Another celebrated deposite of fossil fishes is that of the cupriferous slate surrounding the Hartz. Many of the fishes of this slate at Mansfeldt, Eiseleben, &c. have a distorted attitude, which has often been assigned to writhing in the agonies of death. The true origin of this condition, is the unequal contraction of the muscular fibres, which causes fish and other animals to become stiff, during a short interval between death and the flaccid state preceding decomposition. As these fossil fishes maintain the altitude of the rigid stage immediately succeeding death, it follows that they were buried before putrefaction had commenced, and apparently in the same bituminous mud, the influx of which had caused their destruction. The dissemination of Copper and Bitumen through the slate that contains so many perfect fishes around the Hartz, seems to offer two other causes, either of which may have produced their sudden deaths.[1]

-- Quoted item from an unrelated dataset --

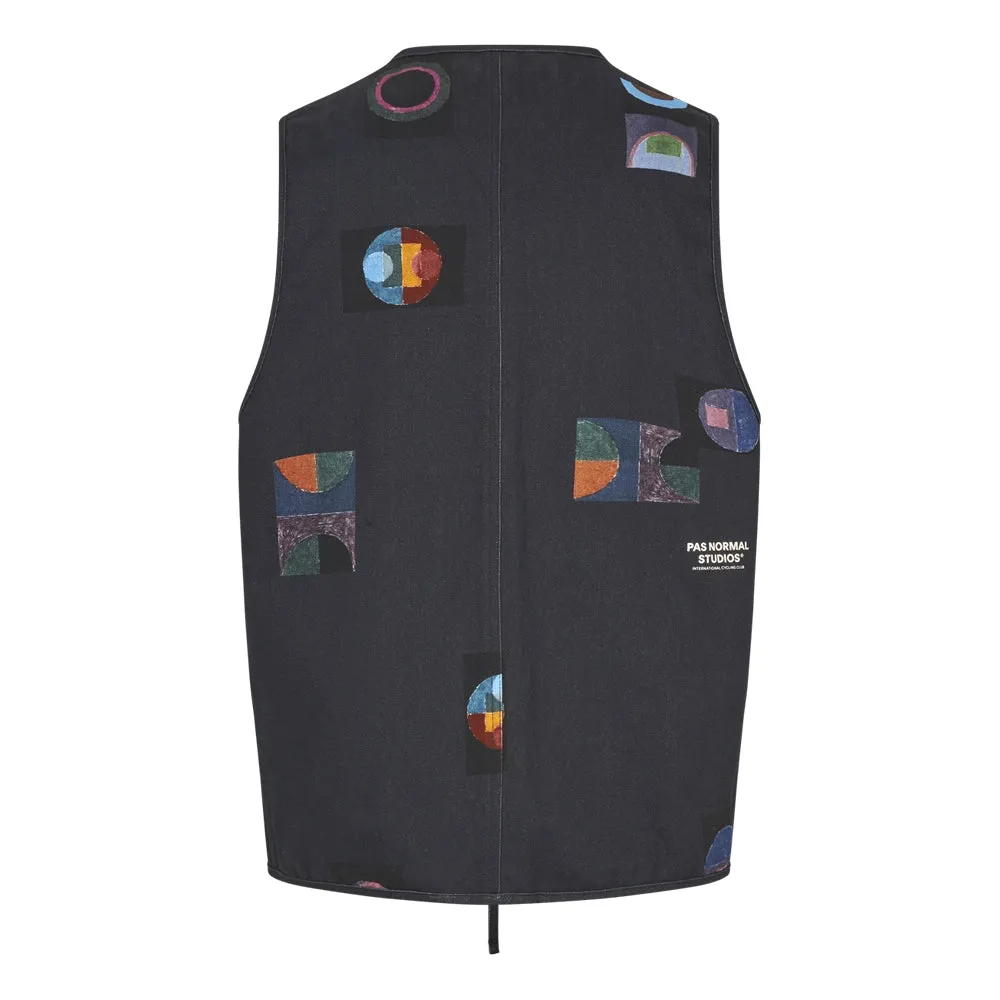 PAS NORMAL STUDIOS TKO Off Race Cotton Twill Vest SS24 - Charcoal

From what has been said respecting the general history of fossil organic Remains, it appears that not only the relics of aquatic, but also those of terrestrial animals and plants, are found almost exclusively in strata that have been accumulated by the action of water. This circumstance is readily explained, when we consider that the bones of all dead creatures that may be left uncovered upon dry land, are in a few years entirely destroyed by various animals, and the decomposing influence of the atmosphere. If we

  1. Under the turbulent conditions of our planet, whilst stratification was in progress, the activity of volcanic agents, then frequent and intense, was probably attended also with atmospheric disturbances affecting both the air and water, and producing the same fatality among the then existing Tribes of fishes, that is now observed to result from sudden and violent changes in the electric condition of the atmosphere. M. Agassiz has observed that rapid changes in the degree of atmospheric pressure upon the water, affect the air within the swimming bladders of fishes, sometimes causing them to be distended to a fatal degree, and even to burst. Multitudes of dead fishes, that have thus perished during tempests, are often seen floating on the surface, and cast on the shores of the lakes of Switzerland.